• [Exercise description]: After the line containing "Please subscribe for", copy nothing more; up to and including it, copy every line of the listing exactly from the first, leaving out the pictures.
——
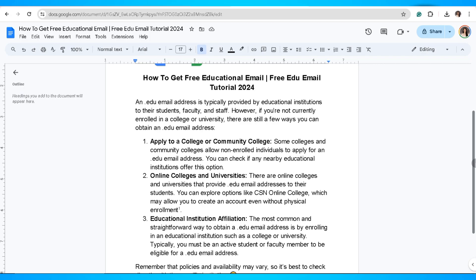Another option would be through online colleges and universities. There are online colleges and universities that provide a .edu email address to their students. You can explore options like CSN Online College, which may allow you to create an account even without physical involvement.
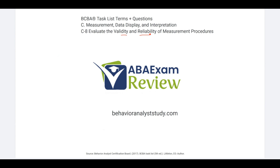Please subscribe for all of our updates. Check out BehaviorAnalystStudy.com for all of our study materials, including our combo pack and practice exam. When you pass, let us know so we can include you in the Sunday shout out. Work hard, study hard. See you soon.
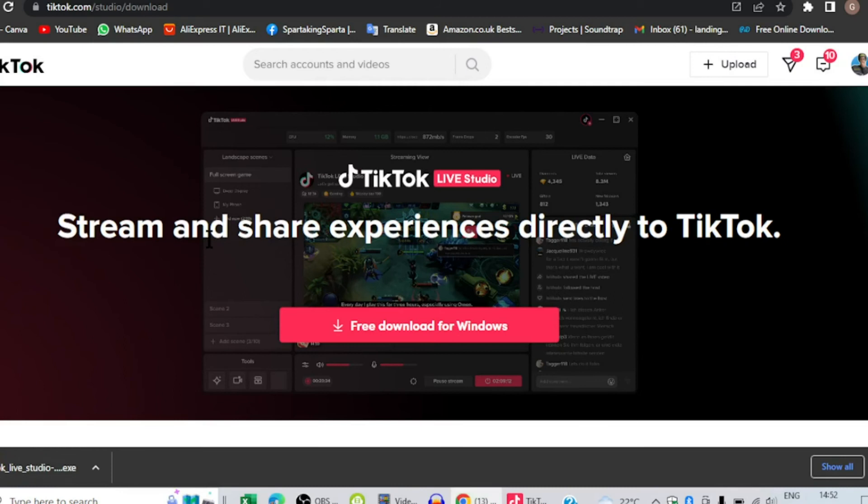I'm showing you how to download it and get the link in the description. Don't forget to subscribe. I'm also going to show you how you can run the app on your computer.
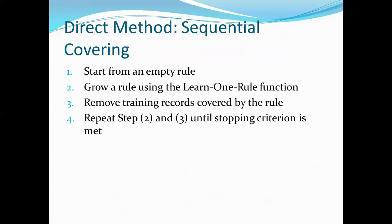The direct method uses sequential covering, the most widely used algorithm for mining disjunctive sets of classification rules. Rules are learned one class at a time. Steps: start from the empty set, learn one rule at a time using learn-one-rule function, remove training records covered by the rule, then repeat until stopping.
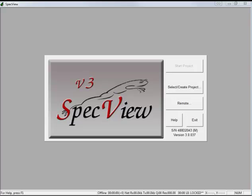Many industrial processes require some sort of data report, either in the form of a graphical image or a data file that can be post-processed in an application such as Excel. This video will show a simple batch report project using a RAMPSOAK Programmer Controller. This project is included with the installation of Specview.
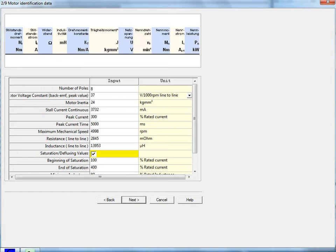Time at peak current is how long the motor can handle the peak current in milliseconds. The maximum mechanical speed is typically the bearing limit, but you can also set it as a maximum speed for the feedback device. The resistance is in milli-ohms, and the inductance is in micro-Henrys. For saturation and defluxing values, leave this unchecked for permanent magnet synchronous motors.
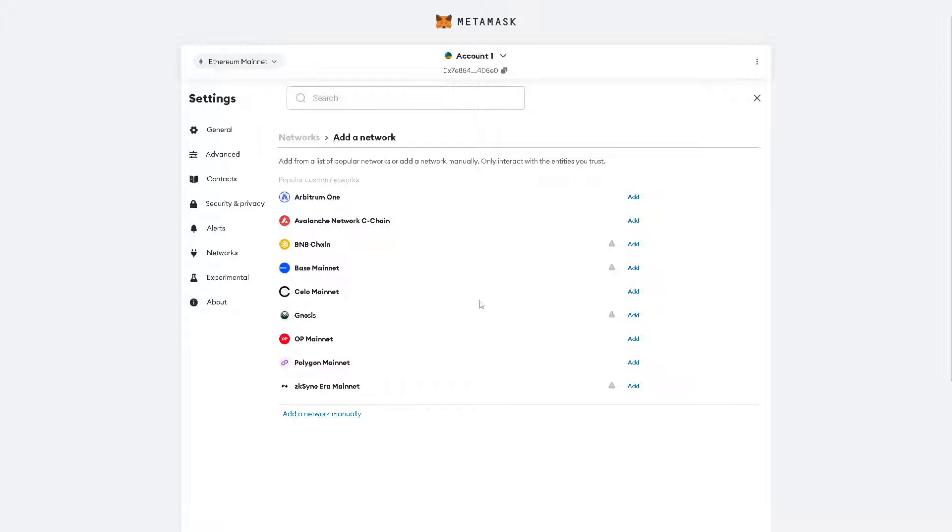And from here, all I'm going to do is click on the 'Add a Network Manually' because adding a token to your wallet from CoinMarketCap, you must first connect to a blockchain that supports that token.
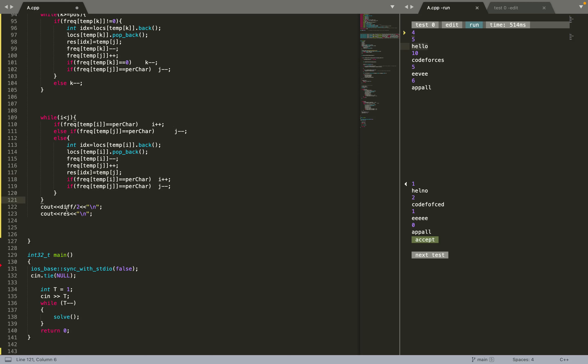Finally, I return diff divided by 2 and the result string. The reason for dividing by 2 is that each swap performs two operations simultaneously — decreasing one character's count and increasing another's — so the difference count double-counts each actual change. Dividing by 2 gives the true number of index positions that differ.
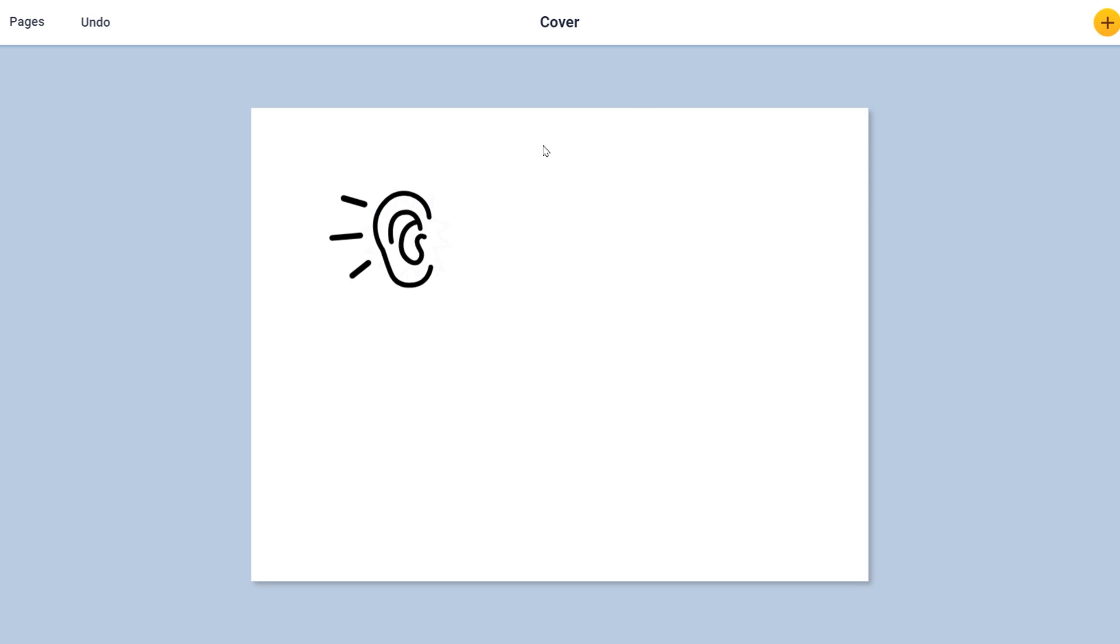Anytime you see the ear, click on it and then we'll click on it, listen to the directions, and we will be able to hear the audio.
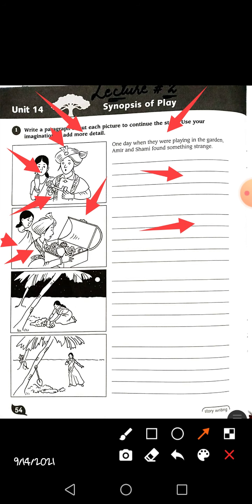They decided to divide the treasure equally between both of them. Amir said to Shami that they would divide it equally. But Shami, the girl, became very greedy and thought: why shouldn't I take all this treasure by myself? So what did she do? In the night she went back to the garden, dug up the ground, and hid the entire treasure box there. She was probably planning to tell Amir she had lost it, and then take all the treasure for herself.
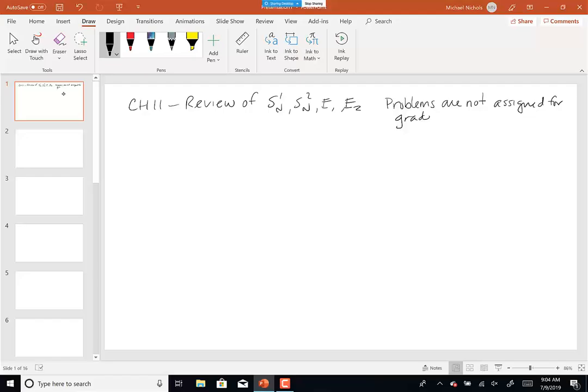Chapter 11 is a review of SN1, SN2, E1, and E2. The problems in that chapter I'm not going to assign for a grade, but I would strongly encourage you to do them as preparation for the final. There are also problems with the cyclohexane rings in the Wednesday folder of last week — problems like writing the major products — as well as on the older exams.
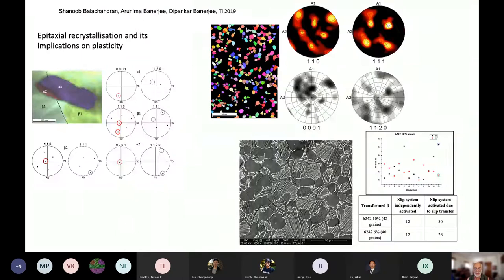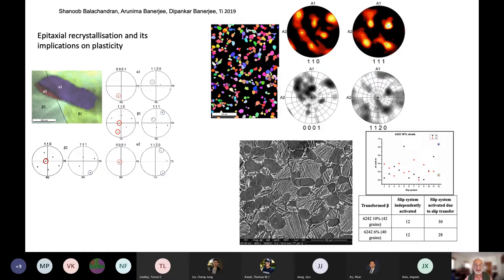Another example is our work on thermomechanical processing. We recently learned that when we recrystallize into two-phase structures, it is normally assumed that equiaxed alpha is non-oriented with respect to the surrounding beta phase. But we have recently found that the recrystallization process results in an oriented relationship between the recrystallizing alpha phase and the surrounding beta phase, and statistically most equiaxed alpha is actually oriented with respect to the surrounding beta phase even after recrystallization to the equiaxed form.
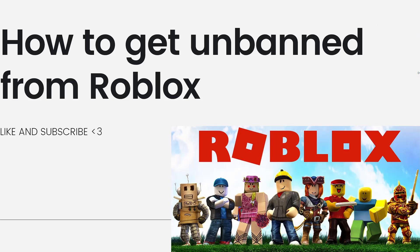Welcome! So in this video, I'm going to show you a guide on how to get unbanned from Roblox.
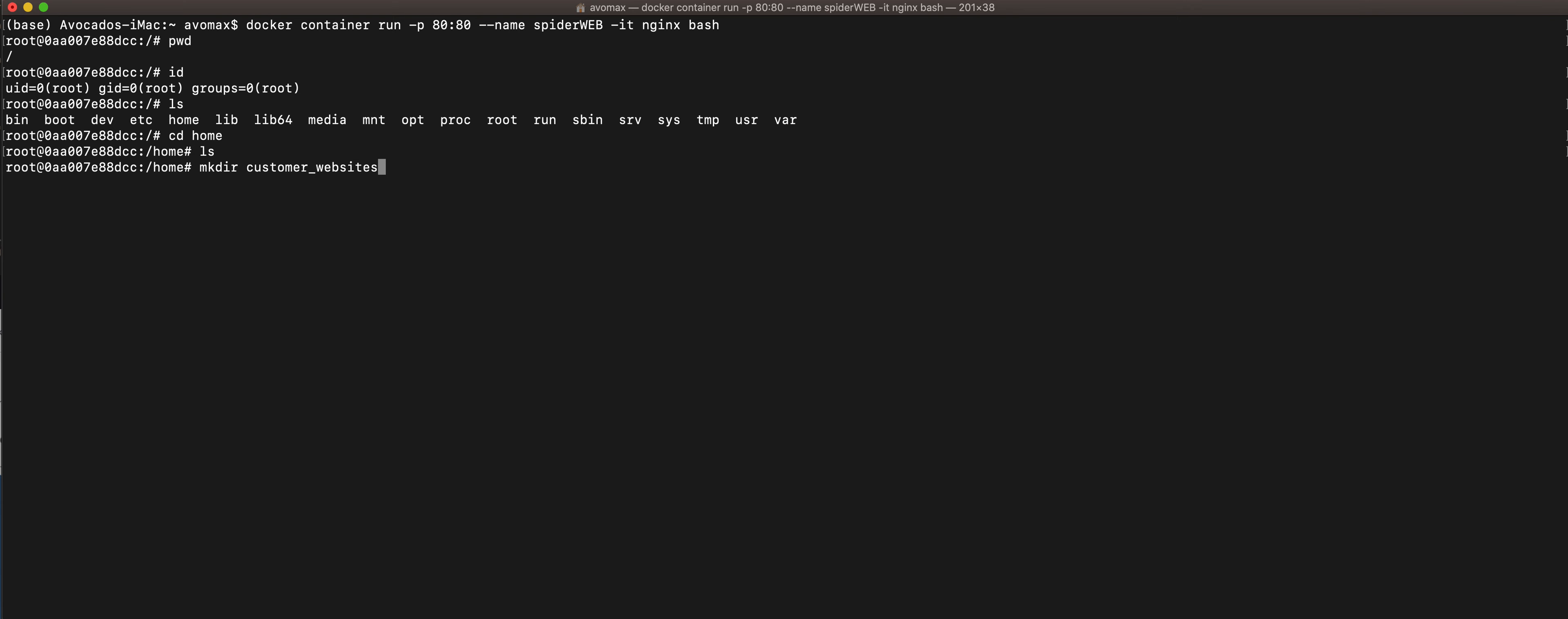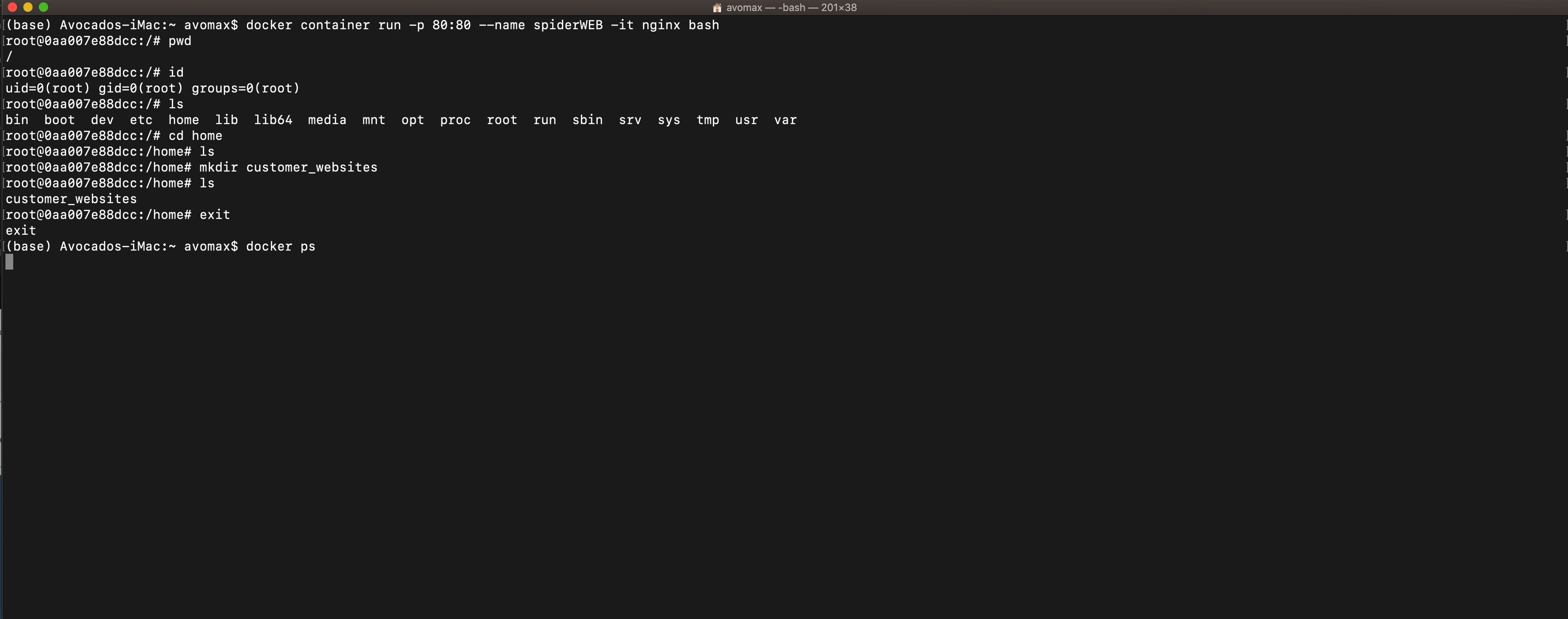Press enter and then do an ls, and you see now we have this new directory being created in this folder. Now to get out, to get back to the docker host, just type exit. Now we are back.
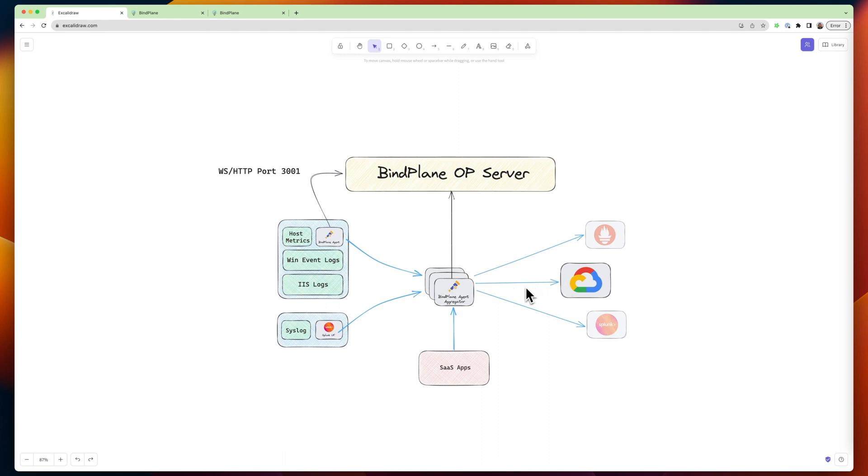We can just go directly from a Splunk universal forwarder to an aggregator agent and out to Google. And so if you're migrating to a new platform, let's say you're migrating from Splunk to Google. You want to do that as quickly as possible. You don't want to replace your tens and thousands of universal forwarders, at least right away.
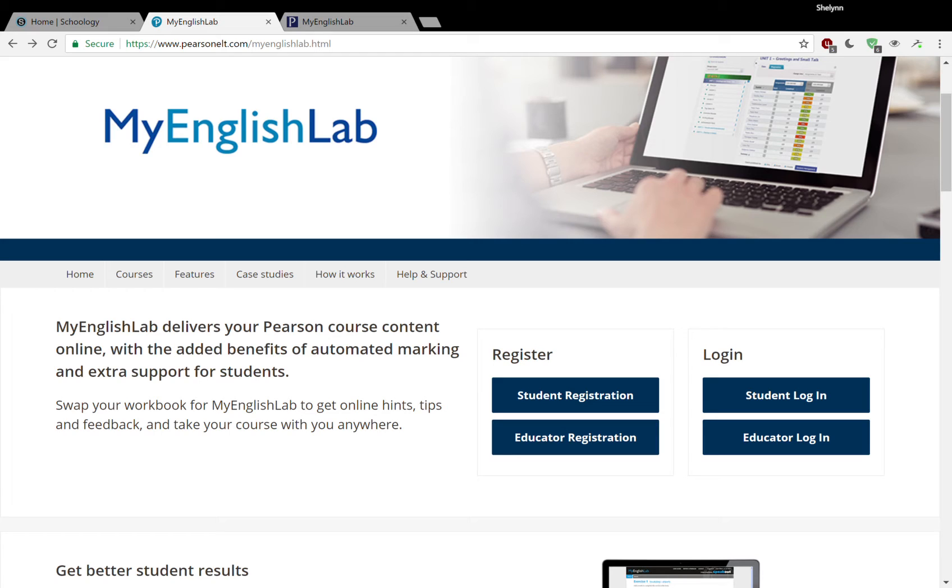Hello, everyone. This is your Alps Shea. I am going to show you how to log into My English Lab through the Pearson website.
——
• [Answer to this task]:
Another option would be through online colleges and universities. There are online colleges and universities that provide a .edu email address to their students. You can explore options like CSN Online College, which may allow you to create an account even without physical involvement.
Please subscribe for all of our updates. Check out BehaviorAnalystStudy.com for all of our study materials, including our combo pack and practice exam. When you pass, let us know so we can include you in the Sunday shout out. Work hard, study hard. See you soon.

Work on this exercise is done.